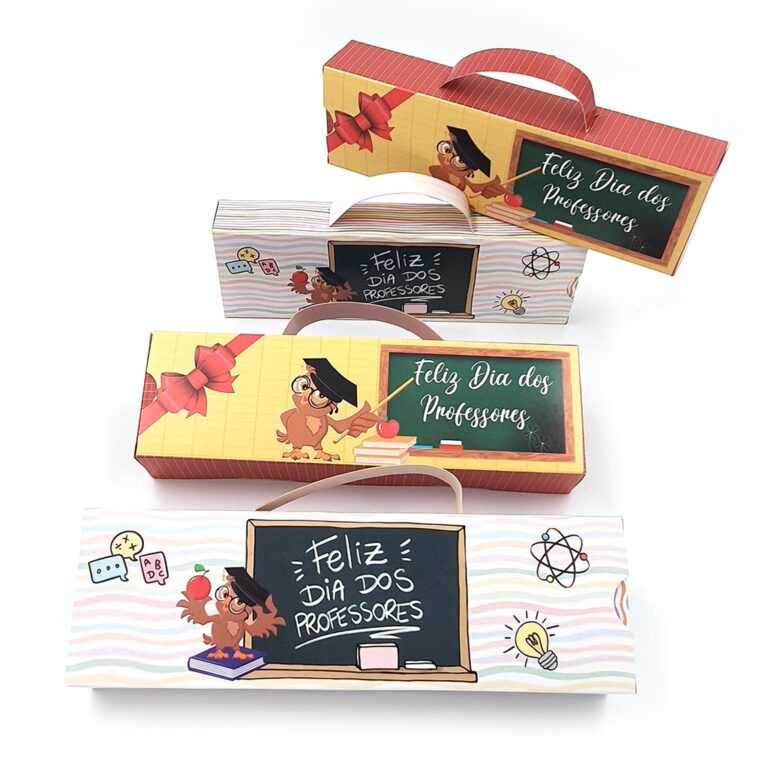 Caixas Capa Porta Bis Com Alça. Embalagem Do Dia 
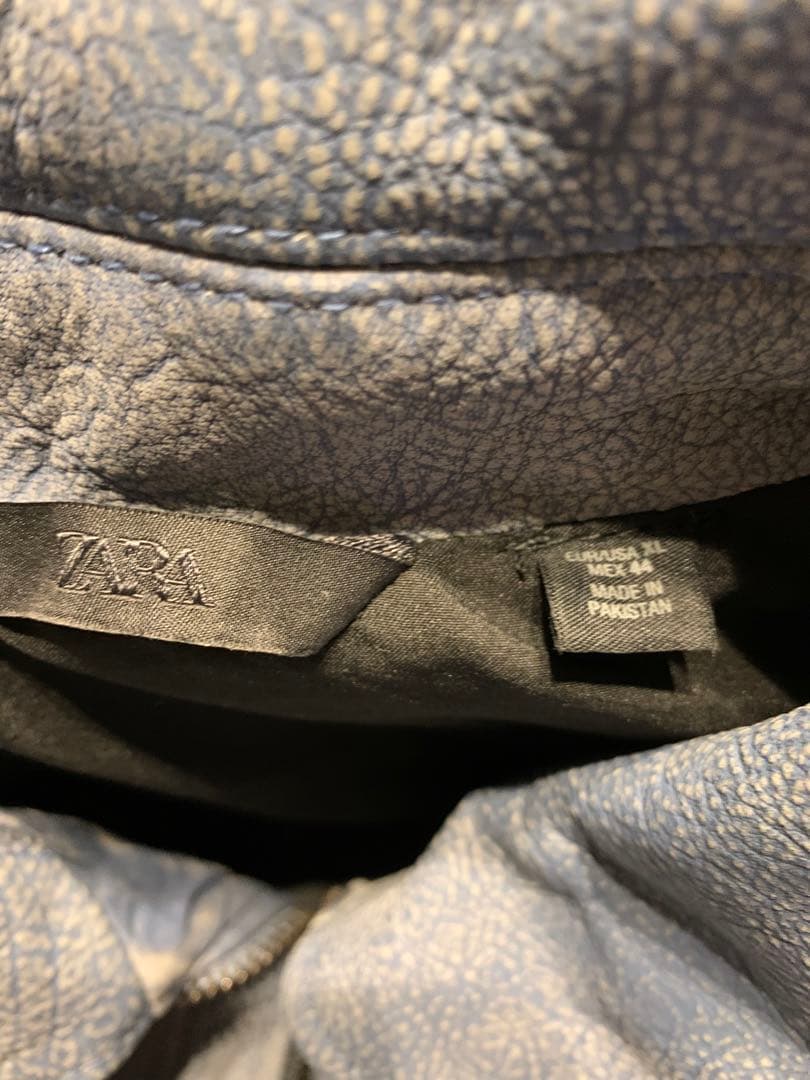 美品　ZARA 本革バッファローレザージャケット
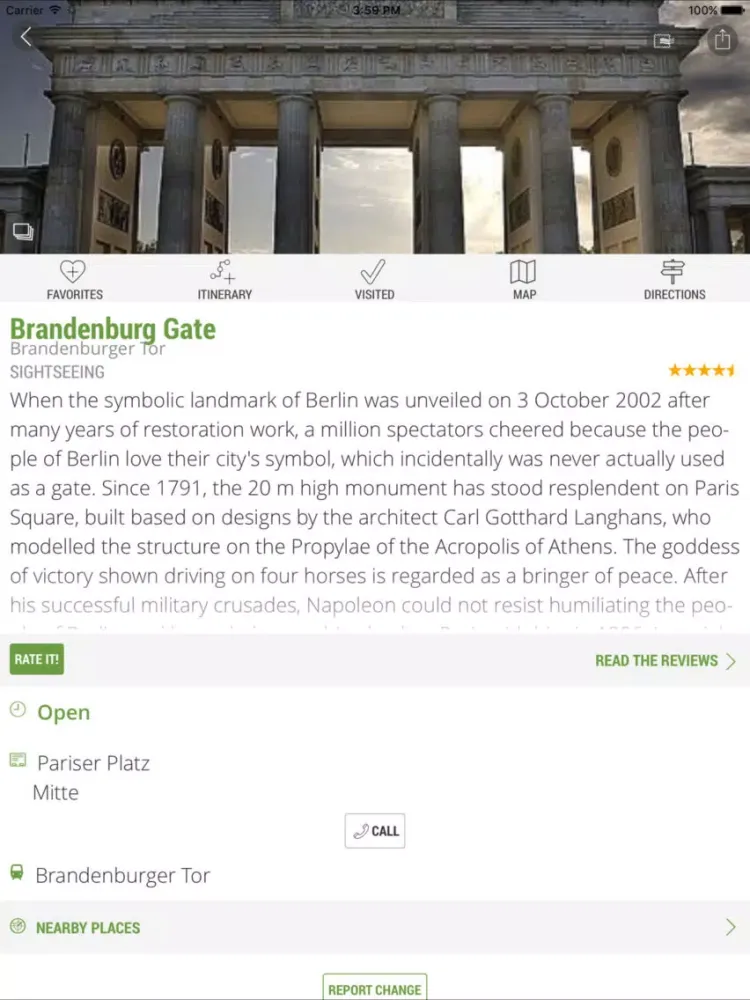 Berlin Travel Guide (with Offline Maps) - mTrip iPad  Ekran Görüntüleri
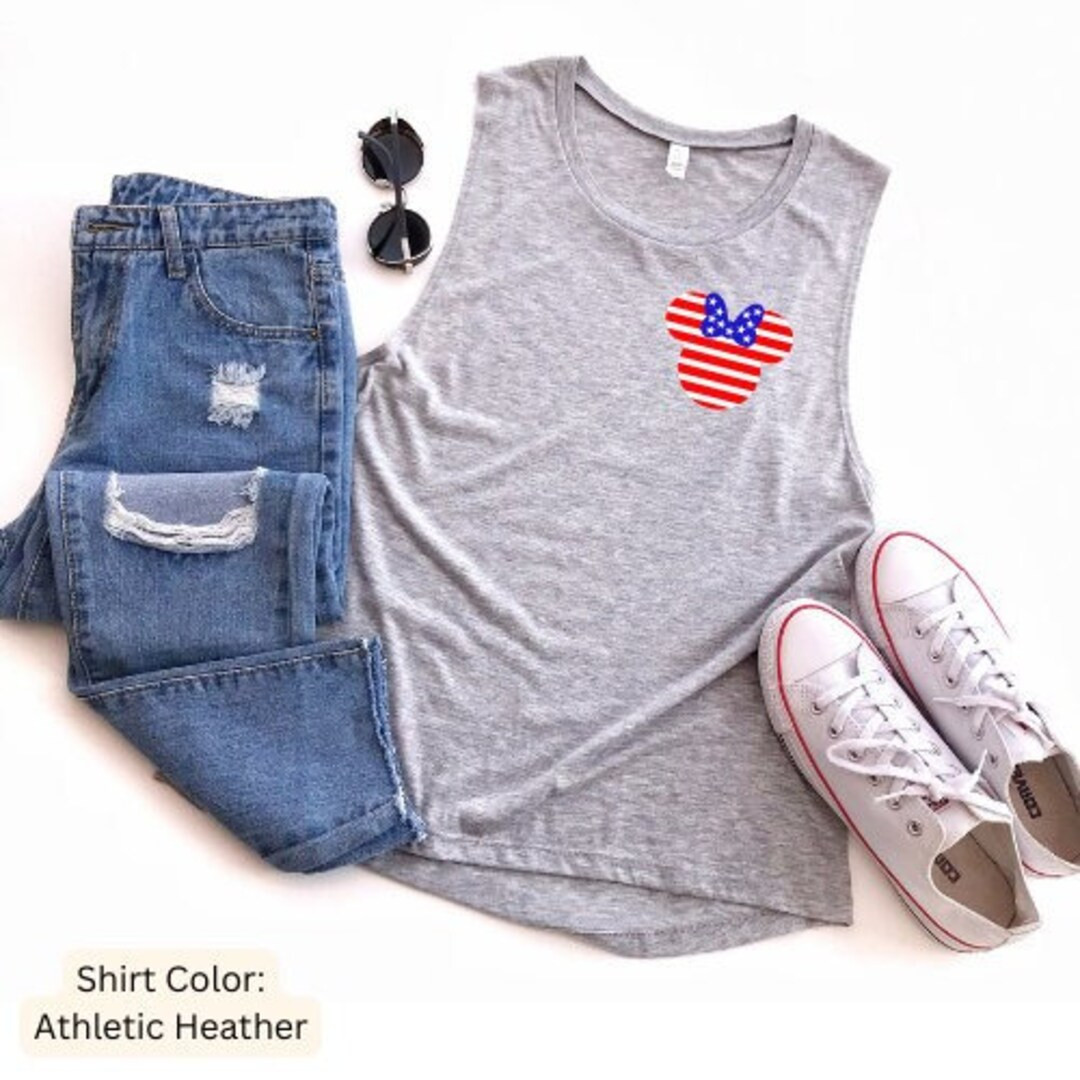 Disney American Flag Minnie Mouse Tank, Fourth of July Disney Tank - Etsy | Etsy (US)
* * *
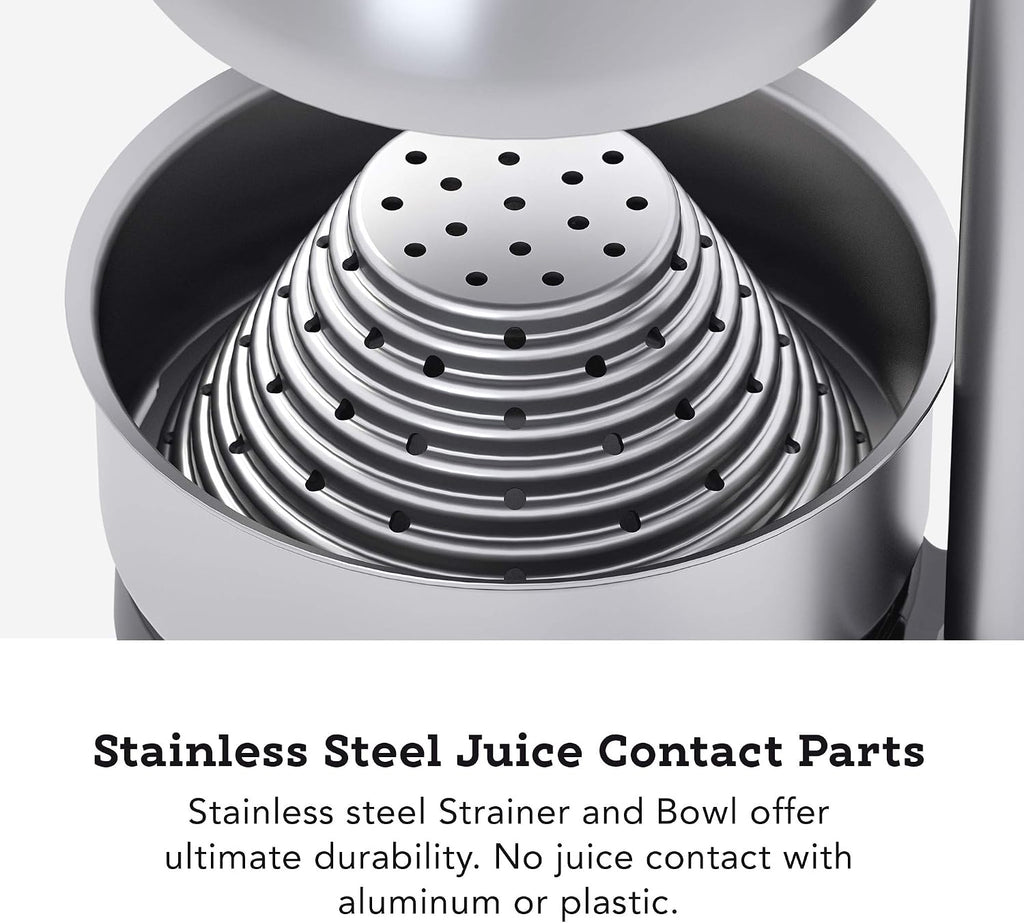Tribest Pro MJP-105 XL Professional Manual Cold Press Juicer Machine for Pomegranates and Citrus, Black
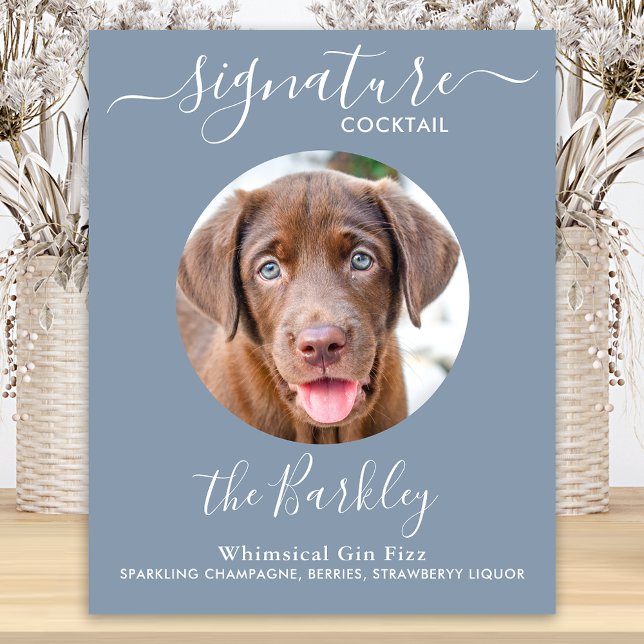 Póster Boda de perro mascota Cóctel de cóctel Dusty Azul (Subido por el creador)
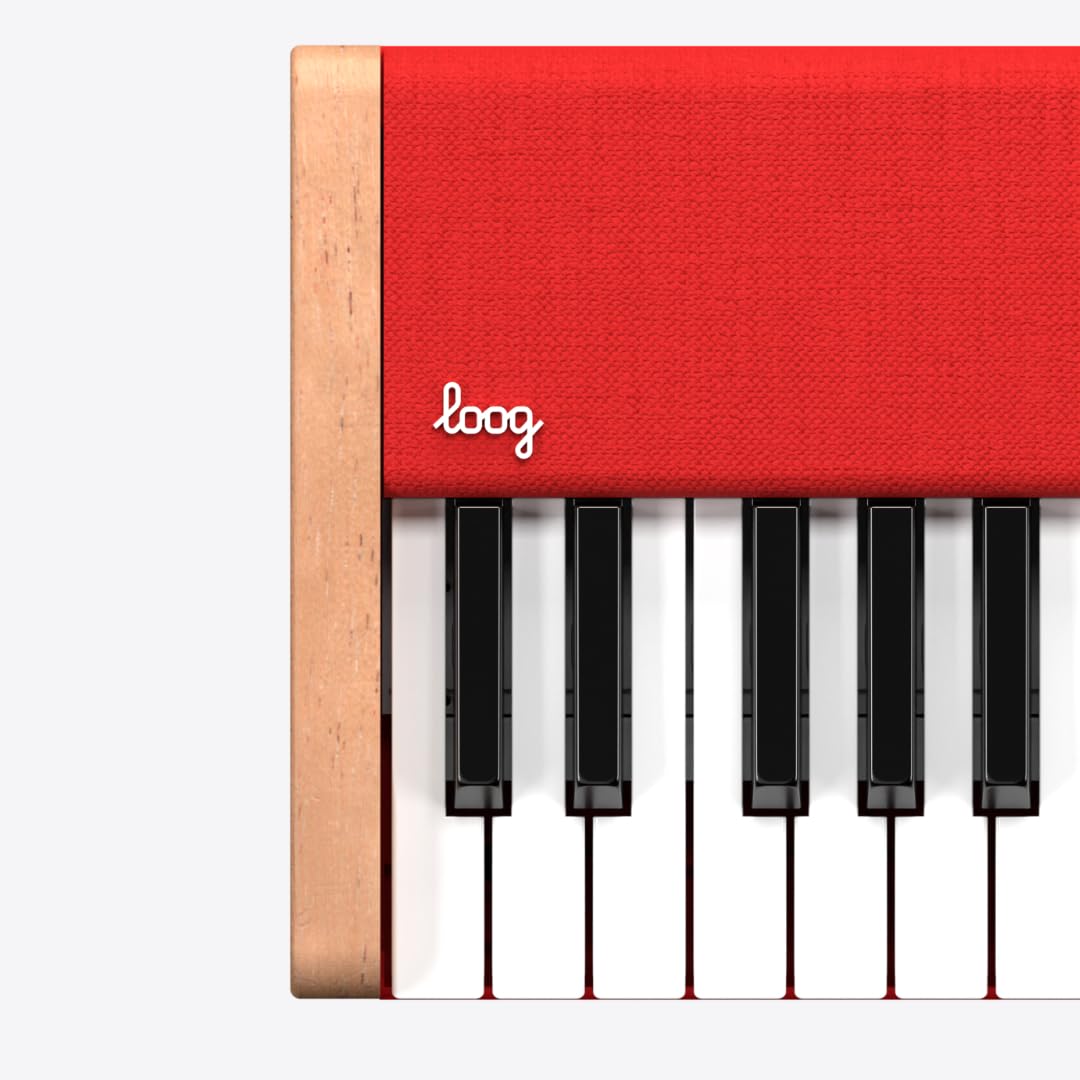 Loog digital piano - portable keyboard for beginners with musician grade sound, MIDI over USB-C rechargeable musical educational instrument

→ Exercise
Would you output only the span of the records above that opens with the line containing "Tribest Pro MJP-105" and closes with the line containing "Loog digital piano", ends included and pictures dropped?

→ Exercise output
Tribest Pro MJP-105 XL Professional Manual Cold Press Juicer Machine for Pomegranates and Citrus, Black
 Póster Boda de perro mascota Cóctel de cóctel Dusty Azul (Subido por el creador)
 Loog digital piano - portable keyboard for beginners with musician grade sound, MIDI over USB-C rechargeable musical educational instrument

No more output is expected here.